Students can sit two Pacific indigenous knowledge standards that count towards National Certificate of Educational Achievement levels 1, 2 and 3, and tertiary qualifications.
Credits could be scored for good performances at concerts.
The unit standards cover Pacific culture and aim to encourage Pacific Islanders to ‘‘engage with and affirm their own traditions and values’’, the New Zealand Qualifications Authority magazine said.
The panel involved in the development of the standards considered individual or group performance to be integral to pasifika culture, National Qualifications services qualifications development facilitator Gretchen Ivess said.
‘‘It is anticipated that these standards will be widely used to assess students’ ability to present their work through an appropriate pasifika performance context such as the Polynesian Festival,’’ Ms Ivess said.

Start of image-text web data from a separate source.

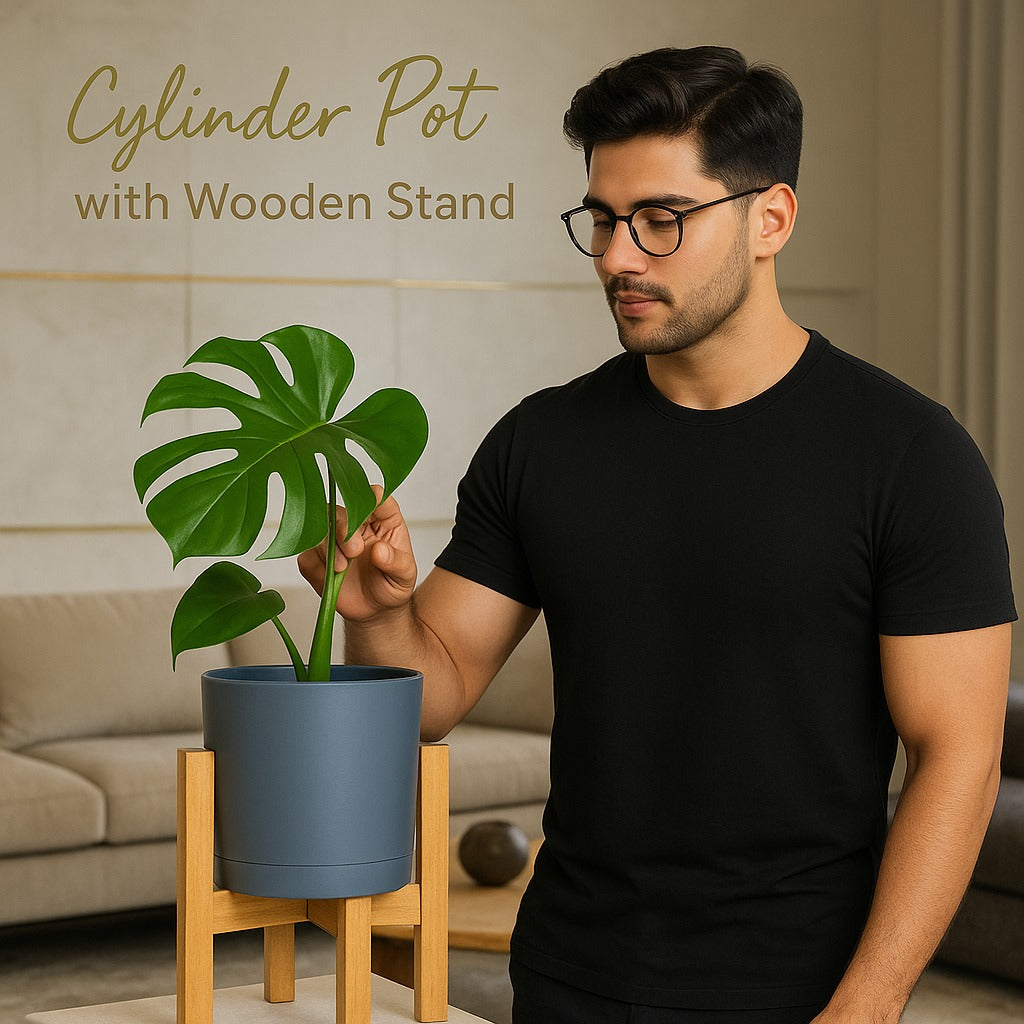 Cylinder Planter with Wooden Stand - without plants Fast Forward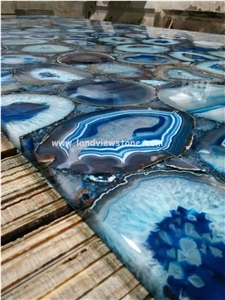 Blacklit Blue Agate Stone Wall Panels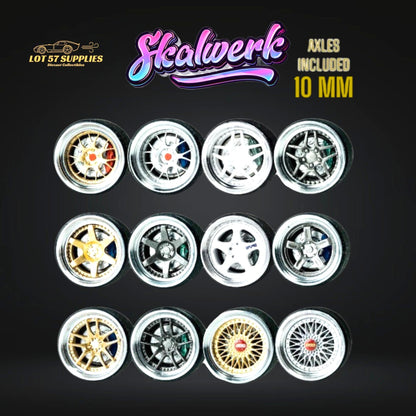 SKALWERK Wheels 1:64 10mm High Quality Wheels With Bearing System Group 2 *AXLES INCLUDED*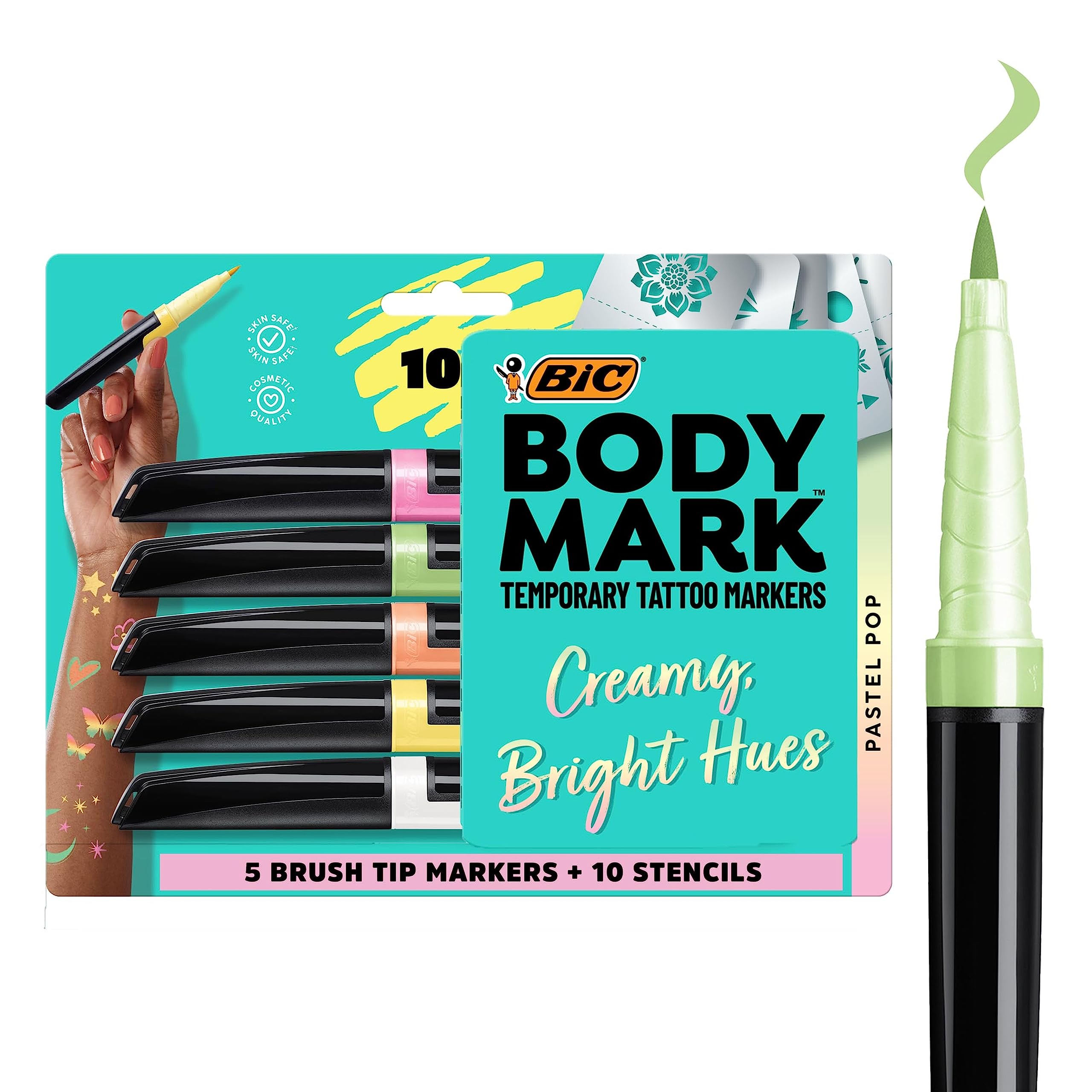 BodyMark BIC Body Art Markers, Pastel Pop (MTPBP5-AST), Flexible Brush Tip, 5-Count Pack of Assorted Colors, Skin-Safe*, Cosmetic Quality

Ministry of Pacific Island Affairs chief executive Dr Colin Tukuitonga said the ministry didn’t have any input into the new unit standards but they were ‘‘potentially highly beneficial’’.
‘‘There’s reasonable evidence from international literature that where someone is confident in their identity and particularly if they are bilingual, regardless of whether it’s English and Japanese . . . they do better generally,’’ Dr Tukuitonga said. ‘‘I think it’s easy to take the view, ‘What’s all this performance got to do with academic achievement?’
‘‘I think if it’s just one way of getting Pacific students to get more credits then that’s. . . a very sad approach because it’s not going to help anyone. ‘‘It’s potentially highly beneficial but if it’s done as a genuine additional opportunity to develop the person as of a wider process, then I would certainly agree with it.
‘‘But we do need to make sure that it’s balanced with maths and science and whatever else the students need.’’ Dr Tukuitonga said.
To gain three credits at level three, Pacific indigenous knowledge unit students must present information on an aspect of Pacific culture that conveys key information, follows conventions, is understandable and appropriate to the intended audience and reflects appropriate cultural values.
The authority describes pasifika students as New Zealanders who identify with, or feel they belong to, one or more Pacific Island ethnicities.
But it said any student, regardless of ethnicity, could sit the standards.
DANCE STUDIES: Pacific Island dancing will now earn some students exam points.